CLEO was an inspiring alternative to the fluffy magazines of the time, and gave women a sense of purpose.

However it’s now been revealed that the iconic publication will soon close its doors forever, marking the end of an era.

According to a News Corp report, Bauer Media staff are expected to be notified of the closure today, including editor-in-chief Lucy Cousins.

The move comes after the Cleo website was shut down quietly in November by the publisher, with the magazine set to follow by Easter.

CLEO posted a circulation decline of 20.7 per cent at the end of last year, with a circulation of 42,212, down from 130,000 readers in 2009, reports Mumbrella.

Founding editor Ita Buttrose told News Corp: “The writing was on the wall once I knew they were going to start stripping stories from other publications rather than commissioning stories here in Australia.

“It’s sad; it’s like a death in the family for me, but it hadn’t been the mag the Cleo team created all those years ago for some time now.”

A statement from Bauer provided to Fairfax media called the media reports “pure speculation”, saying that no announcement about was expected in the “near future”.

It seems that while nothing is 100 per cent confirmed, CLEO will become yet another victim of the flagging print industry.

Tell us, do you remember reading CLEO, or buying it for your daughters?

Starts at 60 Writers

The Starts at 60 writers team seek out interesting topics and write them especially for you.
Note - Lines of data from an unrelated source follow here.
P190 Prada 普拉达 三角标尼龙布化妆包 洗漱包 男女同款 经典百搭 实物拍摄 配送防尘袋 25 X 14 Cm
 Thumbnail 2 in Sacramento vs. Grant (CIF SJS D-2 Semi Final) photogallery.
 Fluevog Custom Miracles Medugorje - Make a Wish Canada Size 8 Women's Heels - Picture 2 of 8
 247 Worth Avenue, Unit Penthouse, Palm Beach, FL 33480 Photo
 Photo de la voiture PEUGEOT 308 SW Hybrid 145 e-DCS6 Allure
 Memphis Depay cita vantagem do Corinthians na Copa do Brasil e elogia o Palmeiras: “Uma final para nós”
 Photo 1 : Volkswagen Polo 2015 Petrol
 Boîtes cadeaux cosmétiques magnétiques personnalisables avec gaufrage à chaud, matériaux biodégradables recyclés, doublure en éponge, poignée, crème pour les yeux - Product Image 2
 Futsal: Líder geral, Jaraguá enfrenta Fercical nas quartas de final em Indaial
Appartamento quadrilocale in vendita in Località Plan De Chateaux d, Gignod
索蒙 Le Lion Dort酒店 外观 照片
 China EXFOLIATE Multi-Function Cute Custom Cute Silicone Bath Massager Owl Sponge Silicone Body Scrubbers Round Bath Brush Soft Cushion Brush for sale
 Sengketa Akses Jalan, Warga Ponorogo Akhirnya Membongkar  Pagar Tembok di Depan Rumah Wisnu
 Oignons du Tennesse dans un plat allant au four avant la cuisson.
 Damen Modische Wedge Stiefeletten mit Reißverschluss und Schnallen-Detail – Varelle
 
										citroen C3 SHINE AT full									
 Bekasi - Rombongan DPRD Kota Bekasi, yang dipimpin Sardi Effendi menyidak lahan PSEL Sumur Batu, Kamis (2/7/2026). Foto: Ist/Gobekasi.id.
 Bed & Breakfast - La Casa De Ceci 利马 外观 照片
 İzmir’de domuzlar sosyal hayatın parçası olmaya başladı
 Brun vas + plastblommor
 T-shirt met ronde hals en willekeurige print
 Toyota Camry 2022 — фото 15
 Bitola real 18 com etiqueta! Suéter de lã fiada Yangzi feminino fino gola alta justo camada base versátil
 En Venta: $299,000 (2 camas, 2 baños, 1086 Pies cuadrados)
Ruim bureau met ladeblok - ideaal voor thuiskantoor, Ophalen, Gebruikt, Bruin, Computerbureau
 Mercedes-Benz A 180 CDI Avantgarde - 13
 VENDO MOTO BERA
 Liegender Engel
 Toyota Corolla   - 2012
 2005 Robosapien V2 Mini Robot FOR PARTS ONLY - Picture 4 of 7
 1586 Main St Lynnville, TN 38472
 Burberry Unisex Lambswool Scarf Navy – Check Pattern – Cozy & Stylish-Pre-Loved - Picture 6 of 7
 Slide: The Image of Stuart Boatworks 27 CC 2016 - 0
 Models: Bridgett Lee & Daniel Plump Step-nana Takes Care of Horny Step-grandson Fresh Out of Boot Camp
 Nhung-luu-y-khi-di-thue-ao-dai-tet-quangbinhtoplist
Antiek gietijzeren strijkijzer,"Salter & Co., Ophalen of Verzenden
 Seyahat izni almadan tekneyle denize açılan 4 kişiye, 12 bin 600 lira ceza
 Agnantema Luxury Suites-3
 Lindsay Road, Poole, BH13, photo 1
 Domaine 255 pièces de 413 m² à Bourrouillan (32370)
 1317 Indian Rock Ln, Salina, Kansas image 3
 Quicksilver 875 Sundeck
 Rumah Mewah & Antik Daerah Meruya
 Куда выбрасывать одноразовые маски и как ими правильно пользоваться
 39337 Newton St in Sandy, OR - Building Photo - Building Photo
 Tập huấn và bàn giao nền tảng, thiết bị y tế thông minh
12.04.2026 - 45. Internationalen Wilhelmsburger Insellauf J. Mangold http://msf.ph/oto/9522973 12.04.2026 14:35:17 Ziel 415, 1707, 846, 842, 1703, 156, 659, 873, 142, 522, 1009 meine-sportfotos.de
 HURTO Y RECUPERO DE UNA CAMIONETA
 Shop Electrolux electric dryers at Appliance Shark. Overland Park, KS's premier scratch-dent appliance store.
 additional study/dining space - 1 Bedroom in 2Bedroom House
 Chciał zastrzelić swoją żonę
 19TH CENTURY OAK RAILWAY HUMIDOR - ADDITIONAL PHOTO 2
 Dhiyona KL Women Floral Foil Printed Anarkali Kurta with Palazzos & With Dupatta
  1. Bauer Media also owns The Australian Women’s Weekly, Woman’s Day, Dolly, NW, TV Week, Harper’s BAZAAR, Cleo, Cosmopolitan, ELLE, Australian Gourmet Traveller, Australian House & Garden and Wheels…… so its not likely they’ll be departing the print industry soon. But, NO, I didn’t take to CLEO. In its “hayday” it was ground-breaking, but I couldn’t afford the price – too expensive for me

  2. I bought the first edition of the magazine when still in high school. My friends and I used to read and discuss the articles. Will be a big loss…

  3. I loved Cleo as a 15 year old…my introduction to magazines. ..and I bought it untill I was 30yrs old…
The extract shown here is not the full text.